Congress is currently considering legislation on nanotechnology: H.R. 5940 and S. 3274, the National Nanotechnology Initiative Amendments Act of 2008. This legislation would create a public database of information on nanomaterial EH&S research and create a senior-level position within the White House Office of Science & Technology Policy (OSTP) to oversee nanotech EHS research, in addition to reauthorizing nano R&D funding from the 2003 21st Century Nanotechnology R&D Act. The bill has passed the House and is currently awaiting action by the Senate Committee on Commerce, Science, and Transportation.
Businesses should also pay close attention to the regulatory front. Both EPA and FDA are considering guidance on nanotechnology, and are soliciting industry for data and input. The EPA’s nanomaterials stewardship program is currently voluntary and a great opportunity for companies to help prevent unnecessarily proscriptive rules. SOCMA has a Nanotechnology Small & Medium Enterprise Coalition designed to support companies in collaborating with other businesses and with the EPA to collect and submit data voluntarily on nanomaterials.
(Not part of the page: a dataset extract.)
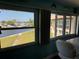 Waterfront view of the canal from an enclosed bonus room at 4678 Marine Pkwy # 305, New Port Richey, FL 34652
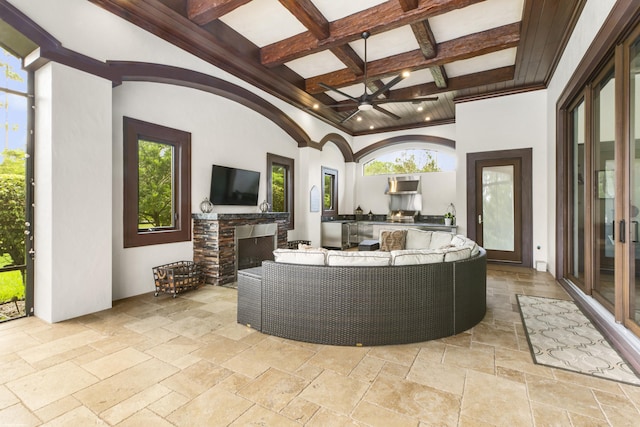 11780 Otter Run, Lake Worth, FL 33449 - living room featuring stone tile flooring, coffered ceiling, beam ceiling, and a fireplace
In addition to softening the regulatory impact, supporting this voluntary program could go a long way towards preventing a public panic over this emerging technology and the resulting knee-jerk legislation. This is a great time for companies to highlight their partnership with EPA and their support for safe, useful nanotechnology. The EPA has given industry an opportunity for input. Wise companies will use these resources to the fullest extent possible.